Brief descriptive captions
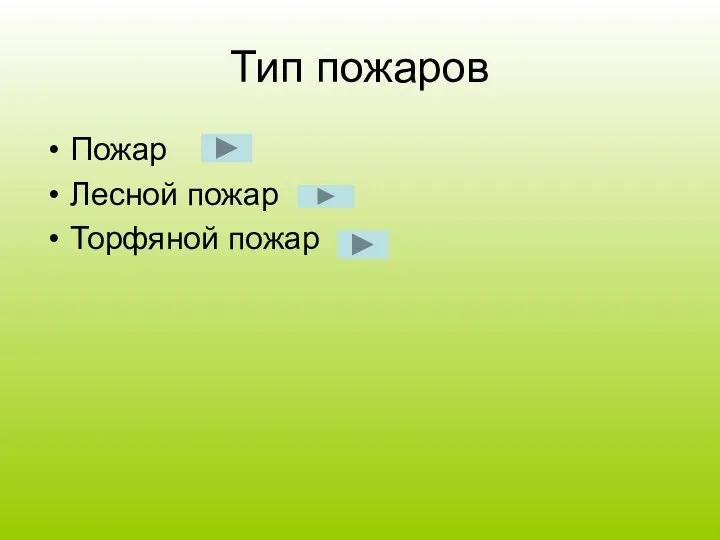 Тип пожаров Пожар Лесной пожар Торфяной пожар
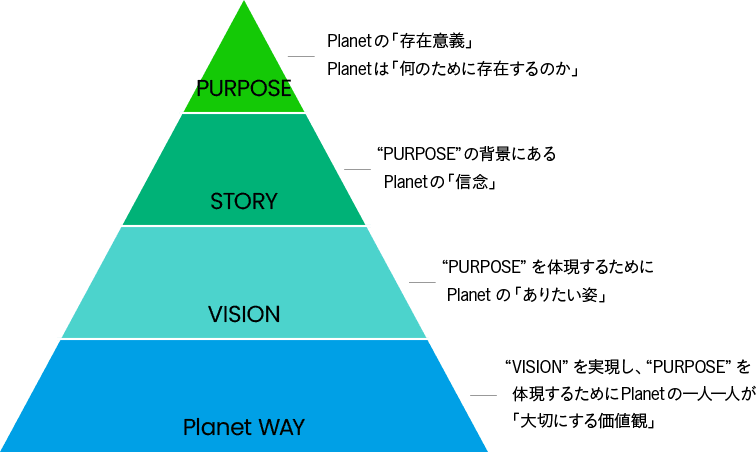PURPOSE…Planetの「存在意義」Planetは「何のために存在するのか」、STORY…“PURPOSE”の背景にあるPlanetの「信念」、VISION…“PURPOSE”を体現するためにPlanetの「ありたい姿」、Planet WAY…“VISION”を実現し、“PURPOSE”を体現するためにPlanetの一人一人が「大切にする価値観」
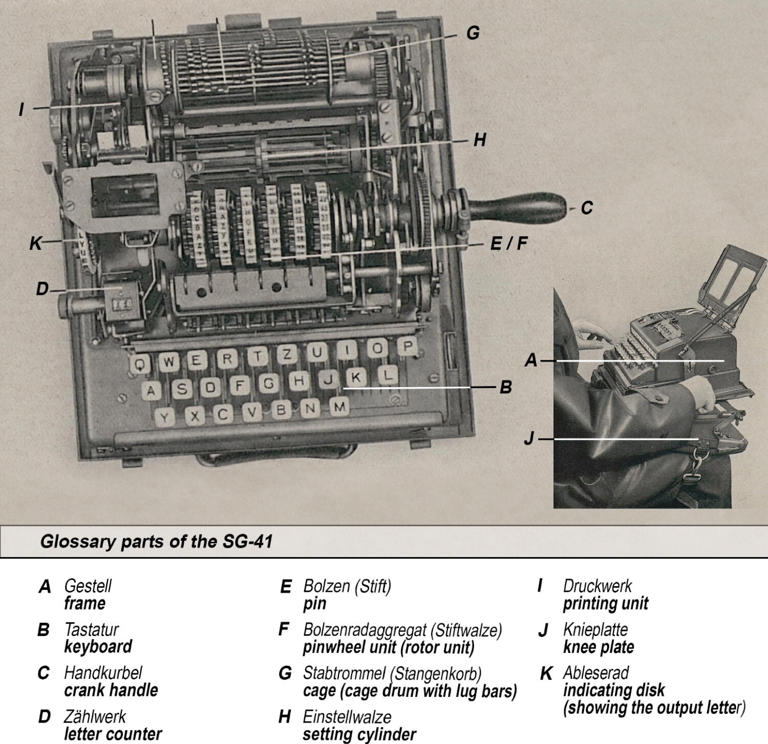 Lost Nazi cipher manuals for machine more advanced than Enigma found ...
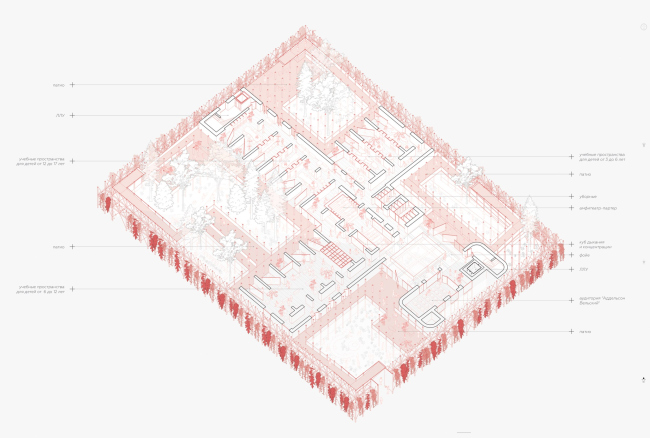Успенское. 5.0. Аксонометрический разрез киберкуб второй этаж Успенское. 5.0. Аксонометрический разрез киберкуб второй этаж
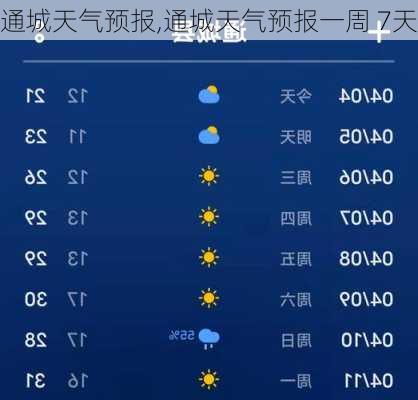 通城天气预报,通城天气预报一周 7天-第2张图片-奥莱旅游网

Your objective
Without the pictures, restate each entry exactly.

Written response
 Тип пожаров Пожар Лесной пожар Торфяной пожар
PURPOSE…Planetの「存在意義」Planetは「何のために存在するのか」、STORY…“PURPOSE”の背景にあるPlanetの「信念」、VISION…“PURPOSE”を体現するためにPlanetの「ありたい姿」、Planet WAY…“VISION”を実現し、“PURPOSE”を体現するためにPlanetの一人一人が「大切にする価値観」
 Lost Nazi cipher manuals for machine more advanced than Enigma found ...
Успенское. 5.0. Аксонометрический разрез киберкуб второй этаж Успенское. 5.0. Аксонометрический разрез киберкуб второй этаж
 通城天气预报,通城天气预报一周 7天-第2张图片-奥莱旅游网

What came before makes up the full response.